Extract data from a string

Question

Extract data from a string

knakka99

Say Hey Kid

Points: 671
More actions
March 23, 2012 at 11:33 am

#270721

Can any assist me with how to extract data from column2. This has a number of .pdf as well as .txt and .xls and the next issue is the files names have spaces so not sure how to use charindex or patindex or substring.. or if there is anyother way to solve this.
column1 column2
1 wo 99808944|F|Q:\Links\WO 99808944.PDF 99825525|F|Q:\LINKS\99825525.PDF
2 |F|HRMC\UNABLE TO LOCATE REPORT FOR JANUARY 2010.TXT not located memo|F|HRMC\NOTLOCLTHRMC JAN 10 (2).DOC not located list|F|HRMC\COPY OF HRMC 1-10 NOT LOCATED.XLS
Indeed to get the files from these sample columns
Column1 Column2
1 WO 99808944.PDF
1 99825525.PDF
2 UNABLE TO LOCATE REPORT FOR JANUARY 2010.TXT
2 NOTLOCLTHRMC JAN 10 (2).DOC
2 COPY OF HRMC 1-10 NOT LOCATED.XLS

Viewing 12 posts - 1 through 11 (of 11 total)

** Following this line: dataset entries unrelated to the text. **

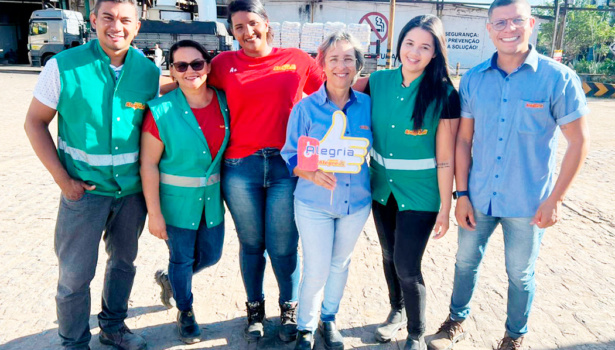 27 de Novembro – Dia do Técnico em Segurança do Trabalho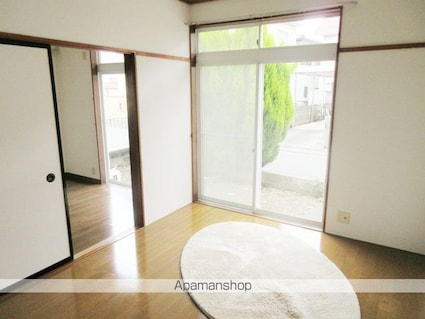 ルーミー甲府８８号館[3DK/63.34m2]の内装2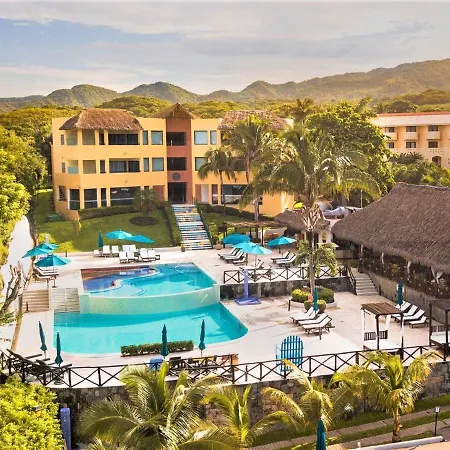 Family Selection At Grand Palladium Vallarta Resort & Spa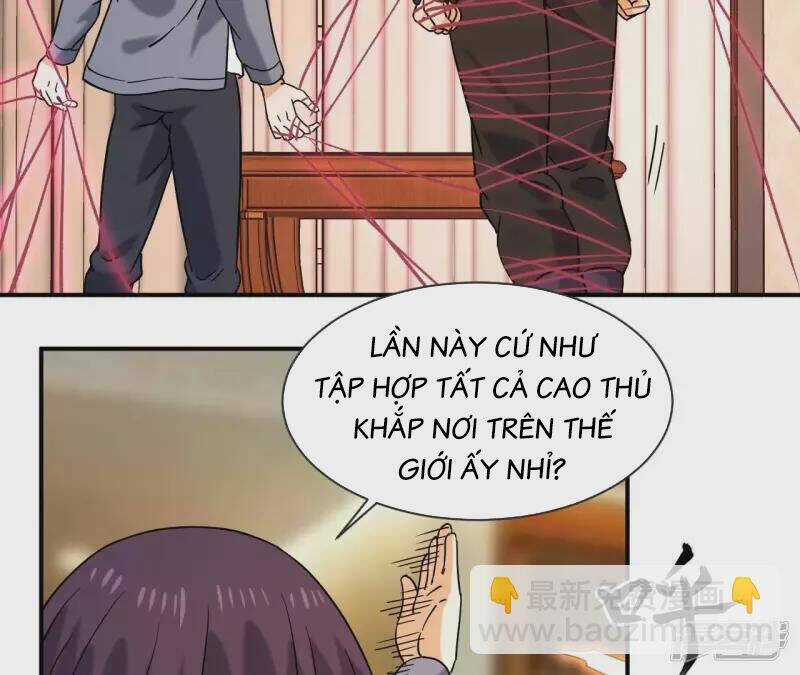 Đô Thị Tiên Đế Chapter 68 trang 13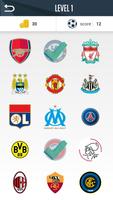 Logo Quiz Soccer : World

You must be logged in to reply to this topic. Login to reply

ColdCoffee SSC-Dedicated Points: 39972 More actions · Answer 1

Without a predefined pattern, it is tough to find out the file names.

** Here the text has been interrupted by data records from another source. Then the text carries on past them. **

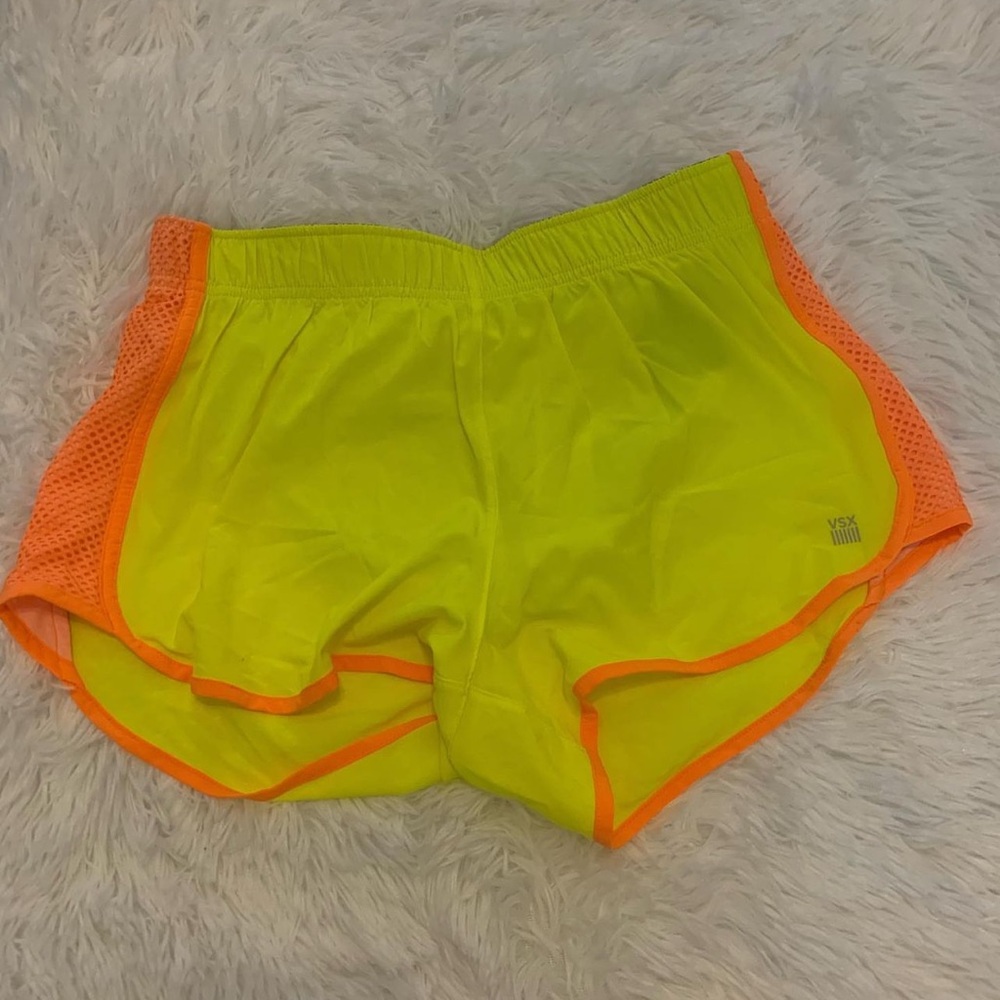 Victoria Secret Sport Shorts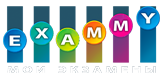 Логотип Exammy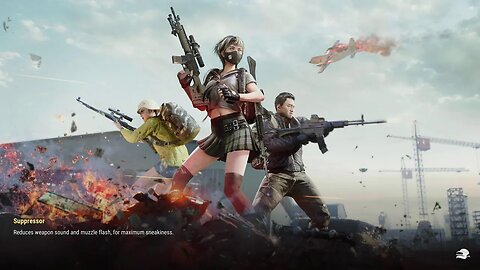 pubg sucks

It is possible though, if we have the list of file extensions, but still, the whole string should be subjected to multiple parsing for each file extension.

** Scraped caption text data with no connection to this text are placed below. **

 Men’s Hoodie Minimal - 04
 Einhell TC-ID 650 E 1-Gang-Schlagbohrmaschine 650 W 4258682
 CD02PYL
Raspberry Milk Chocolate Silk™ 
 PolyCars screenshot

So, question to u, do you have the list of file possible file extensions that may be present in a row?

knakka99 Say Hey Kid Points: 671 More actions · Answer 2

yes the extensions present in the column are

.tif, .jpg,.txt,.pdf,.xls and .doc

knakka99 Say Hey Kid Points: 671 More actions · Answer 3

I have noticed that the file name starts after '\' or |F| and ends with an extension ..

Seeing this I think I need to first figure out how to seperate files + extension then arrange them with a line break or sequence

Lowell SSC Guru Points: 323518 More actions · Answer 4

the spaces in the file names makes it hard to do also;

i tried splitting the data on the slahses, and i'm not getting all teh possible results so far.

with mySampleData(id,val)

AS

(

SELECT '1','wo 99808944|F|Q:\Links\WO 99808944.PDF 99825525|F|Q:\LINKS\99825525.PDF' UNION ALL

SELECT '2','|F|HRMC\UNABLE TO LOCATE REPORT FOR JANUARY 2010.TXT not located memo|F|HRMC\NOTLOCLTHRMC JAN 10 (2).DOC not located list|F|HRMC\COPY OF HRMC 1-10 NOT LOCATED.XLS'

)

select

* from mySampleData

cross apply dbo.DelimitedSplit8K(val,'\') myf

Lowell

--help us help you! If you post a question, make sure you include a CREATE TABLE... statement and INSERT INTO... statement into that table to give the volunteers here representative data. with your description of the problem, we can provide a tested, verifiable solution to your question! asking the question the right way gets you a tested answer the fastest way possible!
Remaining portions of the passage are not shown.